O excesso de trabalho, por exemplo, é “um fator transversal” que se reflete em “ter demasiadas coisas para fazer num curto espaço de tempo e muitas vezes sem ser no horário estabelecido.” Sobretudo “para quem está nos quadros das empresas”, o telemóvel está sempre disponível, os emails respondem-se a qualquer hora e dia e, assim, a vida laboral mergulha na esfera íntima.

Sobre o impacto do salário, a psicóloga adianta que, há já muitos anos, conclui-se que “não é uma dimensão motivadora para as pessoas”. Ou seja, o valor do vencimento, mesmo que elevado, não será capaz de tornar mais positiva uma pessoa que se sente infeliz na sua profissão: "O facto de eu ganhar bem, não chega para eu estar feliz com o meu emprego.”

“Mas, obviamente, que é preciso haver um determinado nível”, ressalva. “Se as pessoas têm de trabalhar muito para ter o dinheiro mínimo para sobreviver, então a ausência aqui é um problema.

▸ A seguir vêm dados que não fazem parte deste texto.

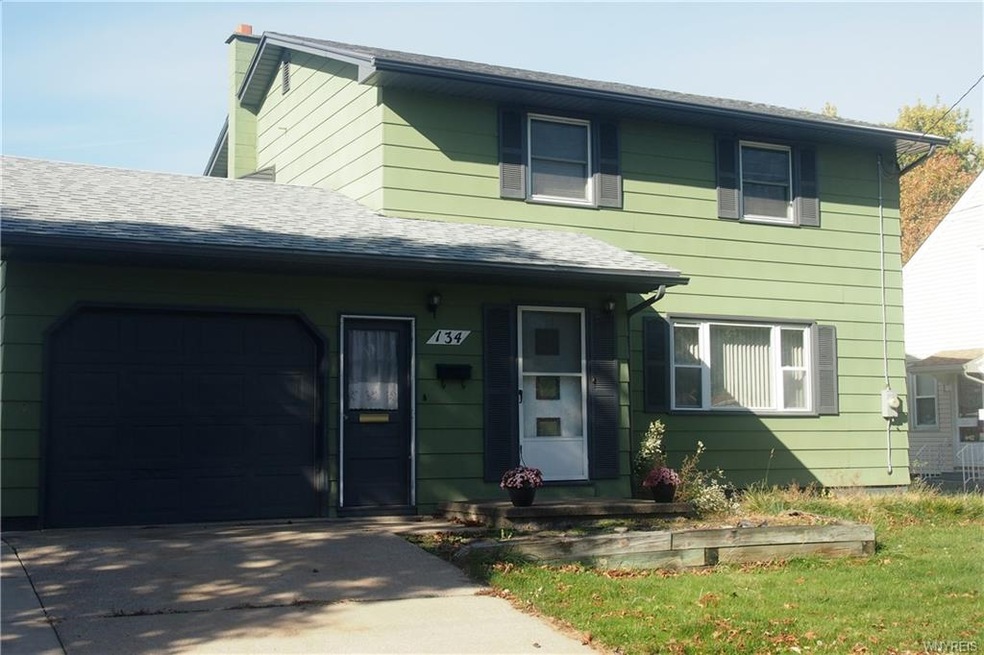 134 12th Ave, North Tonawanda, NY 14120 - photo 1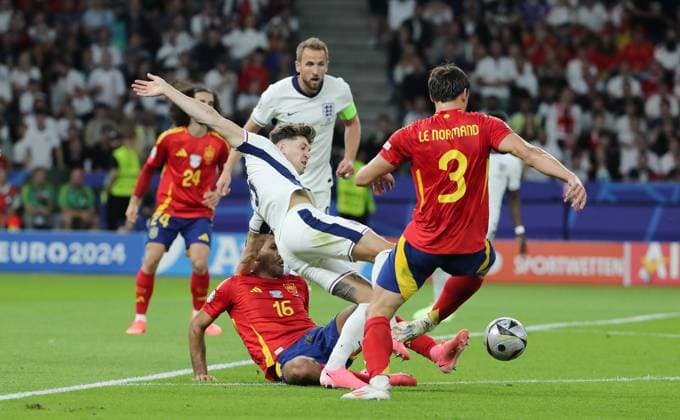 Rodri, John Stones, Robin Le Normand duel Match scene Action Sport Football European Football Championship Euro 2024 European Championship Final Men Season 2023 2024 14 07 2024 Spain ESP vs England ENG in Berlin Olympiastadion DFL regulations prohibit any use of photographs as image sequences and or quasi video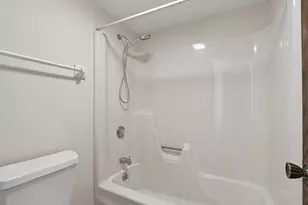 8617 N Servite Dr, Milwaukee, WI 53223 - Photo 14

Quando é muito baixo, o vencimento pode trazer infelicidade, porque traz insegurança, instabilidade e é capaz de tirar horas de sono.” A equidade também poderá causar transtornos, uma vez que com “diferenças salariais as pessoas sentem-se injustiçadas e insatisfeitas.”

São muitos os aspetos capazes de levar à insatisfação profissional. Por isso é que, segundo Maria José Chambel, as organizações, no conjunto dos seus profissionais, devem fazer um diagnóstico dos riscos psico-sociais, de forma a identificar “os fatores que podem perturbar o normal funcionamento e saúde de determinada função.”

O emprego não deve ser um problema, mas sim um aspeto positivo da vida, que confira a tal dignidade e estabilidade. As empresas devem perceber que ter funcionários saudáveis e felizes é benéfico para ambas as partes: “As pessoas são mais produtivas se estiverem mais contentes e socialmente integradas.”

A liderança é outro aspeto crucial, “muito importante nas organizações, na nossa vida e na gestão do trabalho.” É necessária formação específica, que dê ferramentas de gestão de equipa e noções do comportamento humano. Mas é comum isto não acontecer. E disto podem muito bem surgir "maus chefes, que assumem cargos pela competência técnica e que não percebem nada de liderança", diz.

"Um bom líder tem de compreender como é que o ser humano funciona globalmente e tem de entender como é que devemos agir uns com os outros.” Partindo dos pressupostos errados, vai ser controlador e o ambiente poderá tornar-se “infernal”.

Há chefes que partem do princípio que obrigar é o que está certo e que têm de ser autoritários e controladores porque de outra forma a coisa não funciona. Acham que o ser humano é preguiçoso e que, se pudesse, não trabalhava. Liderar com base nestas ideias e em atitudes que assentam na disseminação do medo é criar mau ambiente e insatisfação no trabalho.

*texto originalmente publicado em 2018 e adaptado em 2022.